The leave-one-subject-out cross validation is used to evaluate the classification accuracy of CNN for CoST dataset. However, other previous approaches utilized 21 subjects for training and 10 subjects for testing. Thus, training on the additional nine subjects would likely result in improved performance. Table 4 illustrates the comparison between the proposed and other classification algorithms applied on the CoST dataset. The proposed algorithm improves the correct classification ratio (CCR) without preprocessing, which depends on the original input data instead of feature extraction. However, this process introduces loss of certain information from raw data.

5. Conclusion

In this paper, a system that classifies touch gesture in nearly real time using a deep neural network is proposed. The CNN is presented, which is considered a good feature extractor algorithm. The CoST dataset was used to train our CNN for various classes. Results showed that our method performed better compared with the previous work based on leave-one-subject-out cross validation for the CoST dataset.
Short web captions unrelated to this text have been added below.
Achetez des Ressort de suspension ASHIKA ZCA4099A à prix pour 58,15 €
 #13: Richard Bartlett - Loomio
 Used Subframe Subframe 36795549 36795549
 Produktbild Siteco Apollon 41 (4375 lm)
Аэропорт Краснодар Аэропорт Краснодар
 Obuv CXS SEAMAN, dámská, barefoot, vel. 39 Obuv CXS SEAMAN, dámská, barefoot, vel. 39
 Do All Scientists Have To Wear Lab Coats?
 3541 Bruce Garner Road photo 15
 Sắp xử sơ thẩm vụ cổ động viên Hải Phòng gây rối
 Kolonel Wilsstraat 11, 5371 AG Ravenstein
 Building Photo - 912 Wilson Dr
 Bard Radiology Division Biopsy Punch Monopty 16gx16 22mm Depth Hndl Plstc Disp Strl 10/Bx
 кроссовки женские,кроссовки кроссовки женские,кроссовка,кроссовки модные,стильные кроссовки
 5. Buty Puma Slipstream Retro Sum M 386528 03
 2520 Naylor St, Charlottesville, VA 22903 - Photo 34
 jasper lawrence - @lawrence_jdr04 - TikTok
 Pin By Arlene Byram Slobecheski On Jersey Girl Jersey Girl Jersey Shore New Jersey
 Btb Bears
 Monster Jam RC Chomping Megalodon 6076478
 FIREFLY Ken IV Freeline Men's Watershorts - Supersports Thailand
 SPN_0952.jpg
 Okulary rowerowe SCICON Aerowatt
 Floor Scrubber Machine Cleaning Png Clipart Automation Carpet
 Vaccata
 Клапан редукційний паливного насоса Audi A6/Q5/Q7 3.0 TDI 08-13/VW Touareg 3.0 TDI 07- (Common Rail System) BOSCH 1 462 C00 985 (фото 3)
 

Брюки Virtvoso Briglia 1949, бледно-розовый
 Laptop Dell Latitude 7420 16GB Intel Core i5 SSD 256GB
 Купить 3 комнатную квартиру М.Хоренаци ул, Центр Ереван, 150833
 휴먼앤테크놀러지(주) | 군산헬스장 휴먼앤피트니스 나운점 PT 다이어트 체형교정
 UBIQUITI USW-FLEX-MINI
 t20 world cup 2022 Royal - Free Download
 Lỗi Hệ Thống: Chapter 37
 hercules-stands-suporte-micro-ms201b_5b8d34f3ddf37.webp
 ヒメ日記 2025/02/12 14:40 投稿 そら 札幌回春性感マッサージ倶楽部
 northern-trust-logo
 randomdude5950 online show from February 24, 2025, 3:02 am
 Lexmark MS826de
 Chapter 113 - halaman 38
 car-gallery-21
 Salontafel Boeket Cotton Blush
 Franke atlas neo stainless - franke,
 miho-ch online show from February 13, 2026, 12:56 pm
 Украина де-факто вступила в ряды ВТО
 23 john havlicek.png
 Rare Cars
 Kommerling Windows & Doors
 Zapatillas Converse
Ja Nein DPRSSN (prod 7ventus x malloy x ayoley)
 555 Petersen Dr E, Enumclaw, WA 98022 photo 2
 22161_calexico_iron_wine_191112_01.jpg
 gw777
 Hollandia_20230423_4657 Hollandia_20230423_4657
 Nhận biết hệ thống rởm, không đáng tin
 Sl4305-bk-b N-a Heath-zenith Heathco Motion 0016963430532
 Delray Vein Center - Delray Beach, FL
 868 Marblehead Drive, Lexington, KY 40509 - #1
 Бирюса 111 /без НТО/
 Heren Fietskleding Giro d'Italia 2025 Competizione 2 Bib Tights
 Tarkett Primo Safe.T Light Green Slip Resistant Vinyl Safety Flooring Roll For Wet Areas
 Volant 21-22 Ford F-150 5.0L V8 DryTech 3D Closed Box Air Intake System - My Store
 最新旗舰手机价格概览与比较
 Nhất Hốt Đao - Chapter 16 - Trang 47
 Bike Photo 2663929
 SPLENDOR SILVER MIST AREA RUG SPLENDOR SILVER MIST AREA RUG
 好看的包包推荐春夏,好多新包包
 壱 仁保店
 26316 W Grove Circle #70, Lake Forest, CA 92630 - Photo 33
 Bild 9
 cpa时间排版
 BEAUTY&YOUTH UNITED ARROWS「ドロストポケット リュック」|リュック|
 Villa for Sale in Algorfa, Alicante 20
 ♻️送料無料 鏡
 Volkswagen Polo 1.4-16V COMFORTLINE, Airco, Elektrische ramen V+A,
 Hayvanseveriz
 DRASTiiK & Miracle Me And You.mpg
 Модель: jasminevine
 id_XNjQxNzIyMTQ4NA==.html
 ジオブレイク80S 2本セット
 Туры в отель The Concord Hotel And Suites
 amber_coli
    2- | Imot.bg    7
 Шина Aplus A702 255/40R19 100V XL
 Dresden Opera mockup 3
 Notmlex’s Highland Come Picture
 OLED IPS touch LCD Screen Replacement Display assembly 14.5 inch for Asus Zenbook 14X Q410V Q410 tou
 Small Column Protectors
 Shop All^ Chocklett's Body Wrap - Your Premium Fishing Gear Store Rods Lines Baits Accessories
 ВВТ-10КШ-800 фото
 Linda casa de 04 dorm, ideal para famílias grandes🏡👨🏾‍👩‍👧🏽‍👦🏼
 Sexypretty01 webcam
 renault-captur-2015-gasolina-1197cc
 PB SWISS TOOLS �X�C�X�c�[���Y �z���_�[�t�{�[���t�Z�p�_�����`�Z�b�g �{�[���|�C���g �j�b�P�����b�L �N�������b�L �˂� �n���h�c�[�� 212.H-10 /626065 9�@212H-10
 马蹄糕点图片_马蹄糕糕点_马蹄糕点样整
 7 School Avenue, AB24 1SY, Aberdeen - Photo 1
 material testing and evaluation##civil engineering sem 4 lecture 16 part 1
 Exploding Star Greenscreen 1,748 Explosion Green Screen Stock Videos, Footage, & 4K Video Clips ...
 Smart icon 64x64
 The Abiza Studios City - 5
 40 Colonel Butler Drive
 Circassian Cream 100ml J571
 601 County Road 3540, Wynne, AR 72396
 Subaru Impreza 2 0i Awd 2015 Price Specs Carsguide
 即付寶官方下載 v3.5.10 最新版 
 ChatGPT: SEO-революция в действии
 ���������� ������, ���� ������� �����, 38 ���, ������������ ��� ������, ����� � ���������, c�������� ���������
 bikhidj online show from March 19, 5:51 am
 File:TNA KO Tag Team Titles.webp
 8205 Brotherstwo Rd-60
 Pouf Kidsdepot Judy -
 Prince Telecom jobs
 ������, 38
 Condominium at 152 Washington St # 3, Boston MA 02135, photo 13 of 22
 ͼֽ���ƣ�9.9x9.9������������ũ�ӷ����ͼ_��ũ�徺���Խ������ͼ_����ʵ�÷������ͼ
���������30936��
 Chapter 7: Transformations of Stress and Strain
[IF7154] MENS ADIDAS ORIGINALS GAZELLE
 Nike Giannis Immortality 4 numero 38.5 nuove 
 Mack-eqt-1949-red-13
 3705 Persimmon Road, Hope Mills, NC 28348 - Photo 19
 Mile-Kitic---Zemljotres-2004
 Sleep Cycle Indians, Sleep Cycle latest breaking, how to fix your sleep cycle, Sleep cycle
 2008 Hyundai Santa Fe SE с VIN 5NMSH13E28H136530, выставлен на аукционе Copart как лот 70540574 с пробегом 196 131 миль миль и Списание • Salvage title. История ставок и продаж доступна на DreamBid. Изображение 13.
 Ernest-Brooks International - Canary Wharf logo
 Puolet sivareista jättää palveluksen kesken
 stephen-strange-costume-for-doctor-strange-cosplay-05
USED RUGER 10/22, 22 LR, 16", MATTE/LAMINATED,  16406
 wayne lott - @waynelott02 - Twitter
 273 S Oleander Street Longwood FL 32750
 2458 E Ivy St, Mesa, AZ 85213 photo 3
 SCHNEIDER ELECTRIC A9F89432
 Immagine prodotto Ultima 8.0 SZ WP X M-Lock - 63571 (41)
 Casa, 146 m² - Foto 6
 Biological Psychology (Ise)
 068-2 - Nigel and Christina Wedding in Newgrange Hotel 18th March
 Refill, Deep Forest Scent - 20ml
The proposed approach poses two benefits compared with those in the existing literature. First, the proposed method does not need data preprocessing or manual feature extraction and can be applied end-to-end. Second, this method can recognize a class after receiving a minimum number of frames. This minimum number of frames can be provided by the CoST dataset using grid search. Meanwhile, the proposed approach also has certain limitations. First, CNN performance is affected by the size of the input frame. The smaller the size of the frame (8 × 8 pixels), the more negative the effect on CNN performance because CNN behavior reduces the size of input data in the subsequent layers. Thus, zero padding for rows and columns of a frame is utilized after convolutional operation to repair the lost frame size before pooling operation. Second, increasing the number of filters used in convolutional operation improves CNN performance. However, the time consumed to train the network will be increased.

Data Availability

The data used to support the findings of this study are available from the corresponding author upon request.

Conflicts of Interest

The authors declare that they have no conflicts of interest.